● Exercise description
The reply should contain every entry below exactly as written, with no images.

----- Input for this task -----

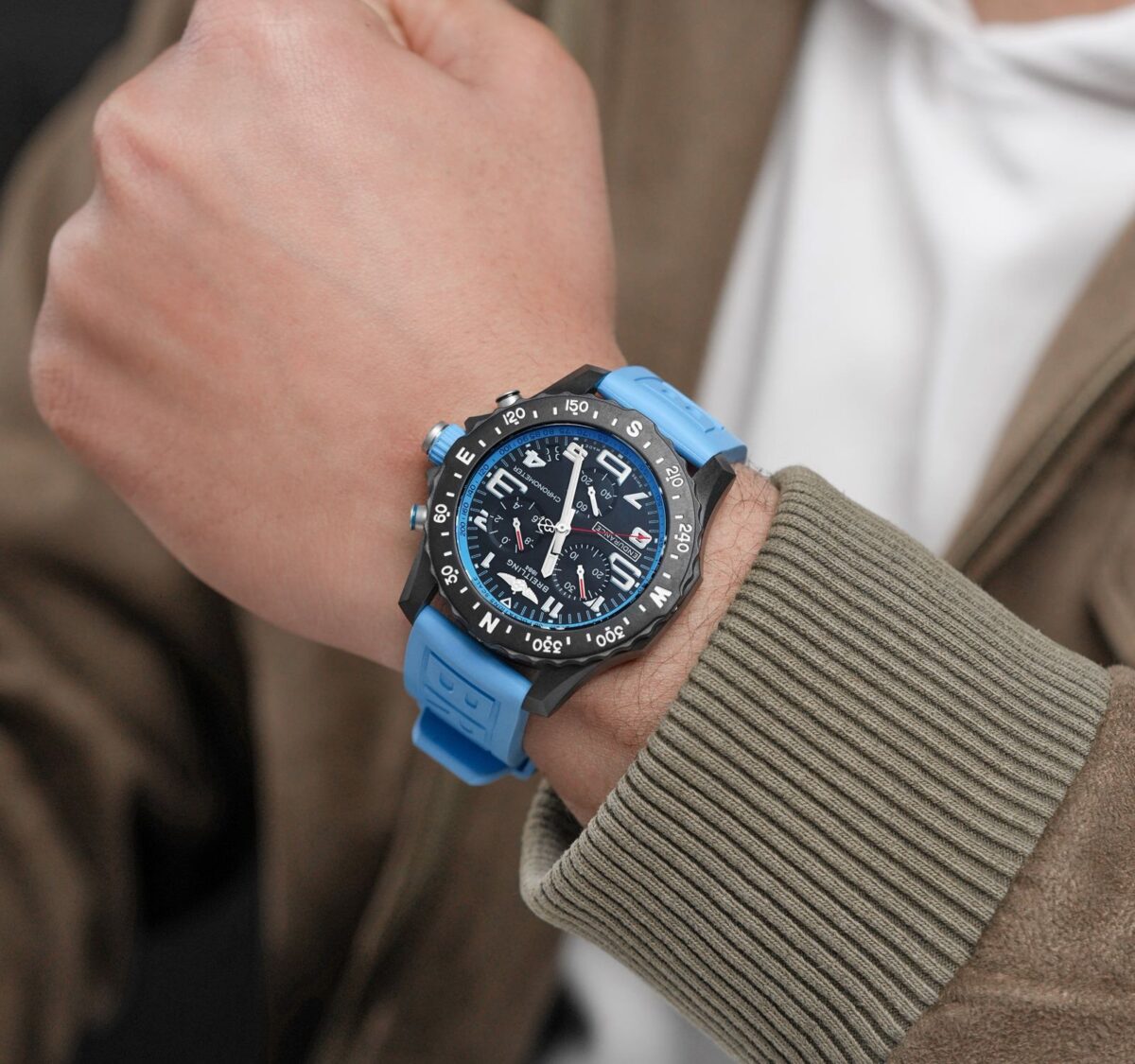 ⁦Breitling (Professional Endurance Pro) watch for men X82310281B1S1⁩ - الصورة ⁦16⁩
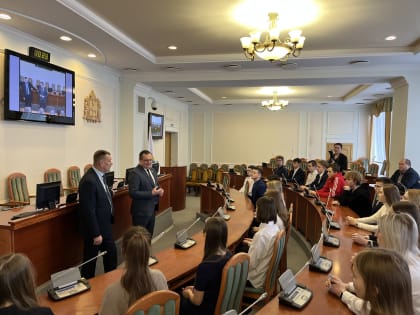 Александр Ефремцев и Владимир Паков встретились со школьниками Большемурашкинского и Дальнеконстантиновского муниципальных округов в Законодательном Собрании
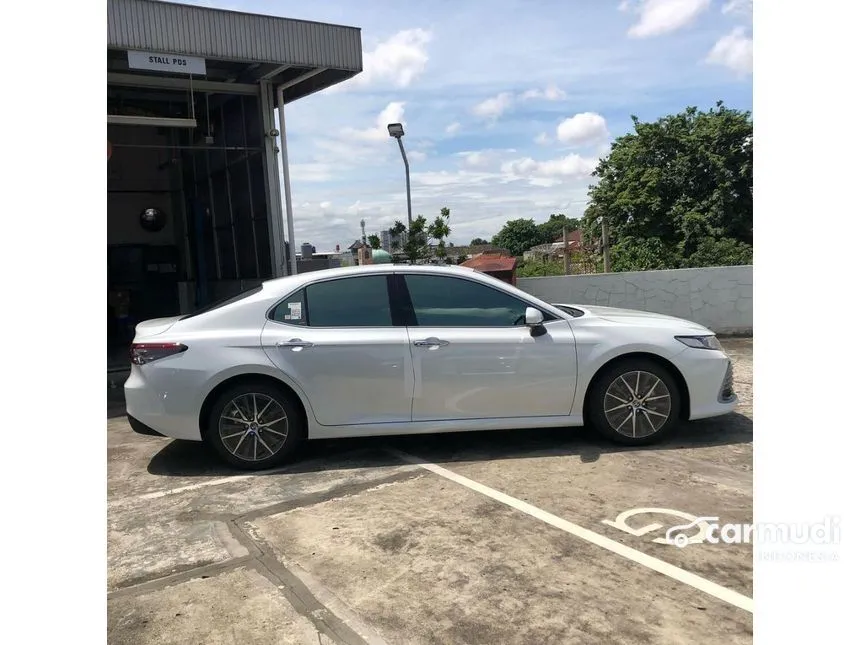 2024 Toyota Camry V Sedan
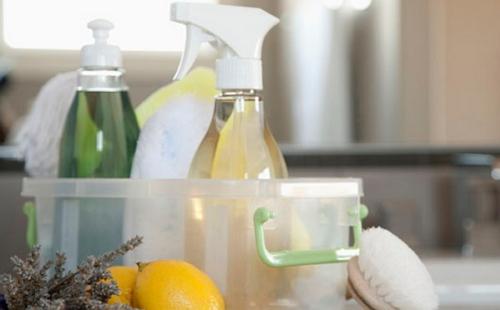 Как удалить ржавчину с цветной одежды. Ржавчина на белой одежде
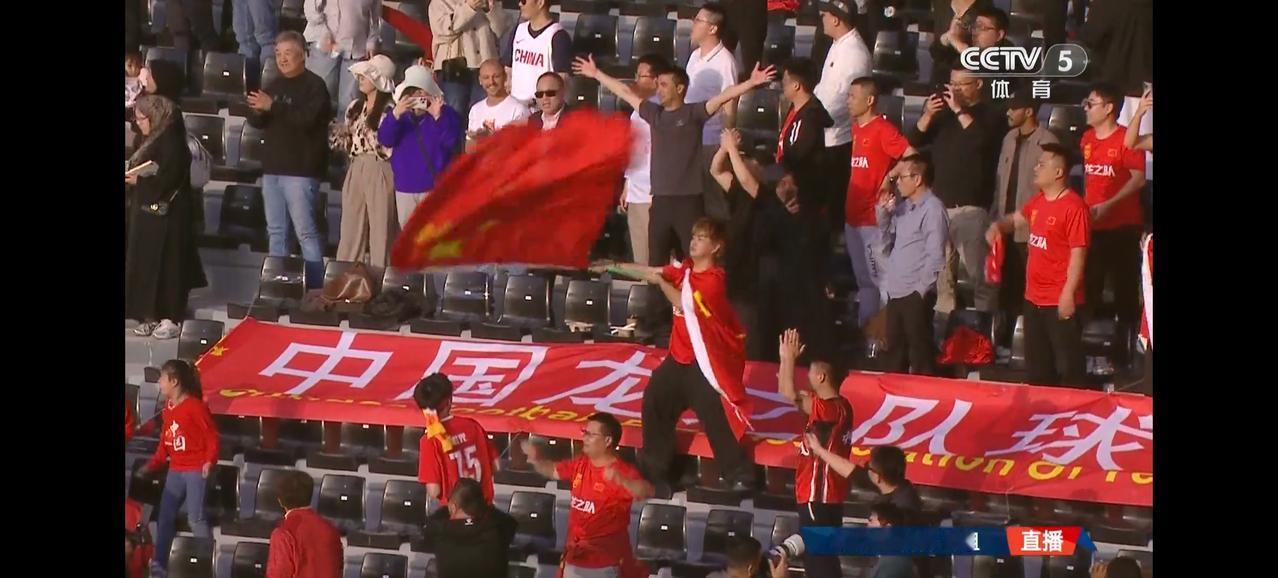 中国队对泰国这场比赛看的是让人提心吊胆[捂脸]补时再多三分钟我感觉都可能没了。太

-----

● Exercise solution
 ⁦Breitling (Professional Endurance Pro) watch for men X82310281B1S1⁩ - الصورة ⁦16⁩
 Александр Ефремцев и Владимир Паков встретились со школьниками Большемурашкинского и Дальнеконстантиновского муниципальных округов в Законодательном Собрании
 2024 Toyota Camry V Sedan
 Как удалить ржавчину с цветной одежды. Ржавчина на белой одежде
 中国队对泰国这场比赛看的是让人提心吊胆[捂脸]补时再多三分钟我感觉都可能没了。太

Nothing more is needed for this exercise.